Postfix: TLS is required, but our TLS engine is unavailable

Recently, emails sent from my Postfix mail server to my Gmail account were getting tagged as ‘insecure’. Come to find out, they were no longer sending with TLS. They were defaulting back to open SMTP over port 25. Why? Because Debian’s ca-certificates.crt had updated and that removed the CA needed to make my site’s certificate valid – and I use that same certificate to encrypt my TLS SMTP traffic.

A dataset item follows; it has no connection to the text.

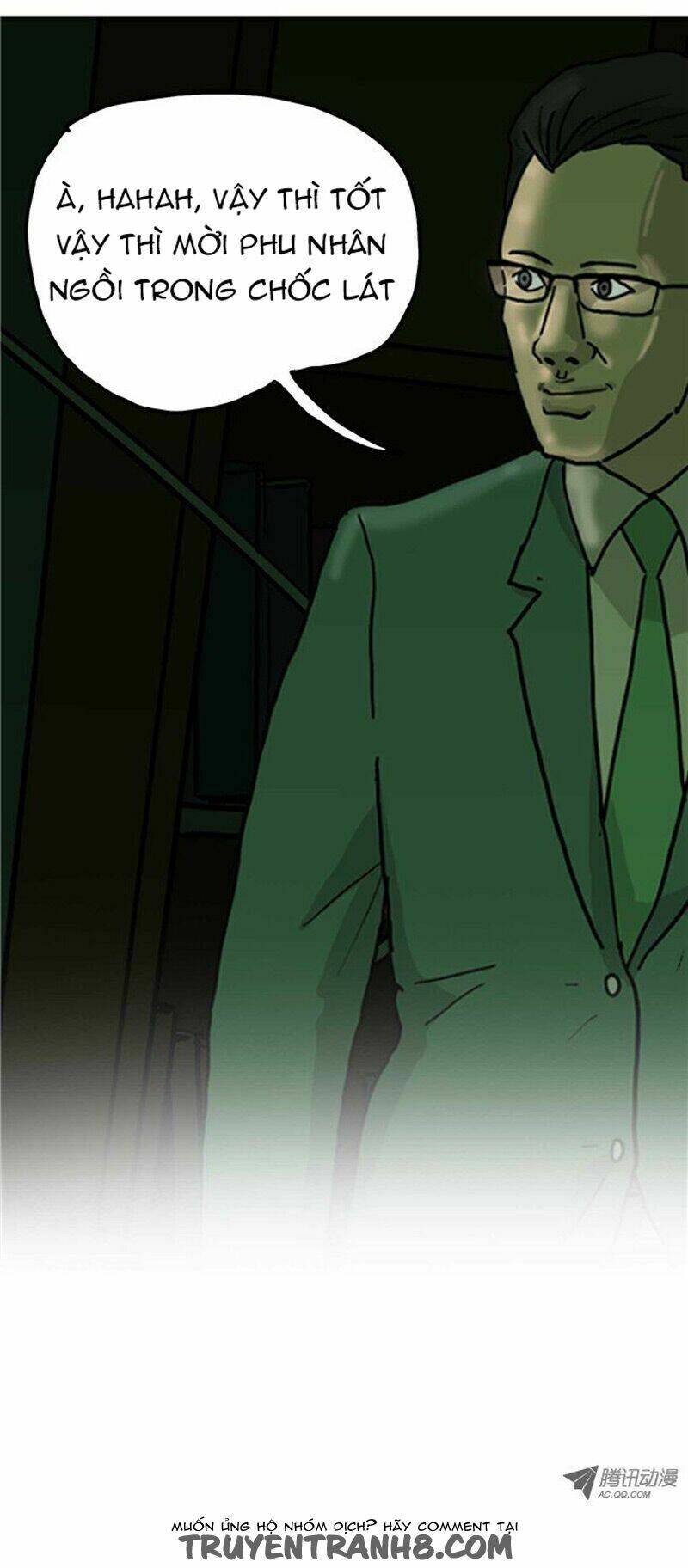 Hồi Sinh: Chapter 15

First, to diagnose the problem, I forced TLS in my main.cf and turned on TLS logging with the following settings:

smtp_enforce_tls=yes
smtp_tls_loglevel=1

I then restarted Postfix with:

sudo service postfix restart

After restarting, Postfix provides the following error in its logs when attempting to send email:

TLS is required, but our TLS engine is unavailable

Earlier in the log file, it indicates a failure to load the CA file that validates the cert and key files. So, here’s the solution:

  1. Make sure your cert and CA files are located in /etc/ssl/certs
  2. Run the following command: sudo update-ca-certificates –fresh
  3. Then go to your Postfix main.cf and verify the following lines are there (and comment out any conflicting lines):
     smtpd_use_tls=yes
     smtp_use_tls=yes
     smtpd_tls_CAfile=/etc/ssl/certs/ca-certificates.crt
     smtpd_tls_cert_file=/etc/ssl/certs/YOUR_CERT.crt
     smtpd_tls_key_file=/etc/ssl/YOUR_PRIVATE_KEY.key
     smtp_tls_CAfile=/etc/ssl/certs/ca-certificates.crt
     smtp_tls_key_file=/etc/ssl/YOUR_PRIVATE_KEY.key
     smtp_tls_cert_file=/etc/ssl/certs/YOUR_CERT.crt
     smtpd_tls_security_level=encrypt
     smtp_tls_security_level=encrypt
  4. Restart the Postfix service again.